November 8, 2023

Improved evaluation runs

You can now trigger runs against multiple model configs simultaneously.

This improves your ability to compare and evaluate changes across your prompts. We’ve also removed the summary cards. In their place, we’ve added a table that supports sorting and rearranging of columns to help you better interrogate results.

Multiple model configs

To run evaluations against multiple model configs it’s as simple as selecting the targeted model configs in the run dialog, similar to before, but multiple choices are now supported.
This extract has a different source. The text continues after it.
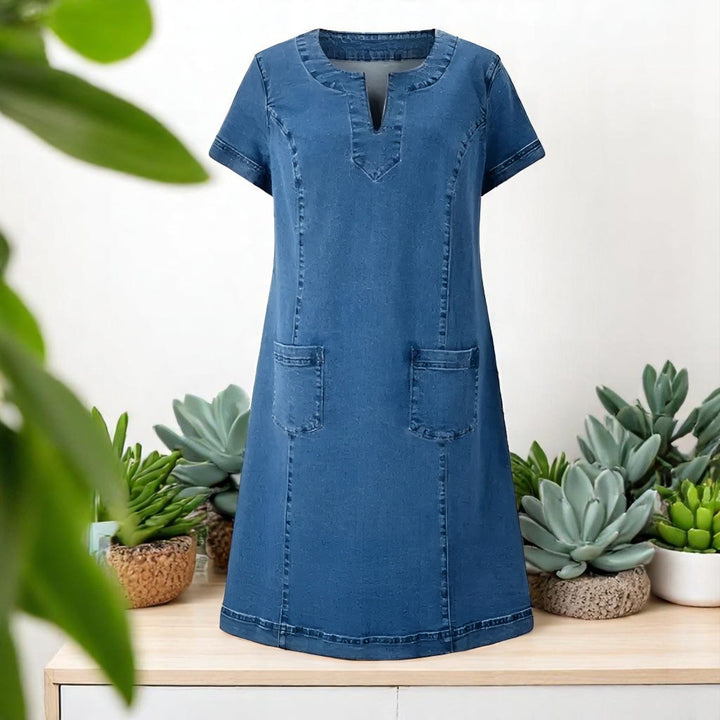 LOTTE | Zachte Denim Jurk met Voorzakken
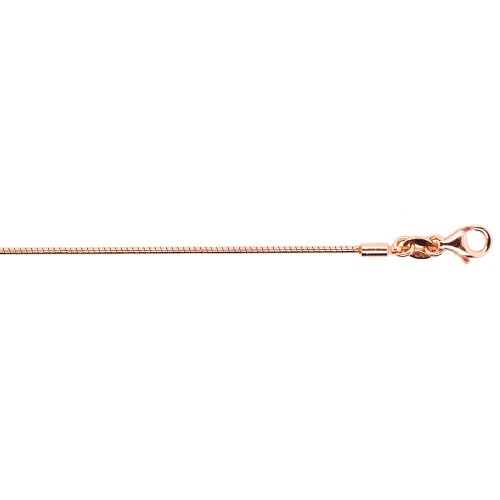 Sterling Silver Rose Gold Plated Fancy Chain Omega Round  (OMEGAR1-R) 1mm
This will trigger multiple evaluation runs at once, with each model config selected as a target.

Evaluation table

We’ve updated our evaluation runs with a table to help view the outcomes of runs in a more condensed form. It also allows you to sort results and trigger re-runs easier. As new evaluators are included, a column will be added automatically to the table.
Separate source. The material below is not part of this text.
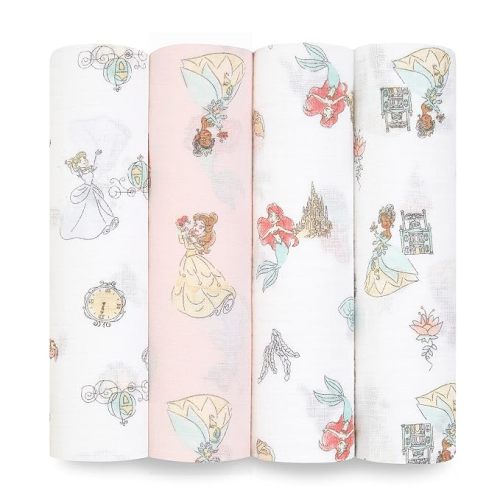 aden + anais Essentials Muslin Swaddle Blankets, Newborn Receiving Blanket for Swaddling, 100% Cotton Baby Swaddle Wrap, 4 Pack, Disney Princess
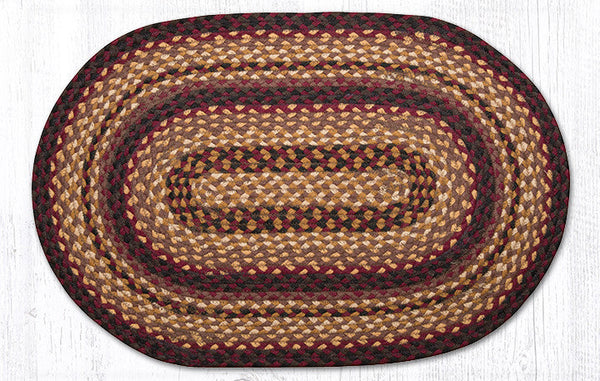 C-371 Black Cherry/Chocolate/Cream Oval Braided Rug 20"x30"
Re-run previous evaluations

We’ve exposed the re-run option in the table to allow you to quickly trigger runs again, or use older runs as a way to preload the dialog and change the parameters such as the target dataset or model config.

New OpenAI turbos

Off the back of OpenAI’s dev day we’ve added support for the new turbo models that were announced:

  • gpt-4-1106-preview
  • gpt-3.5-turbo-1106

Both of these models add a couple of nice capabilities:

  • Better instruction following performance
  • JSON mode that forces the model to return valid JSON
  • Can call multiple tools at once
  • Set a seed for reproducible outputs

You can now access these in your Humanloop Editor and via the API.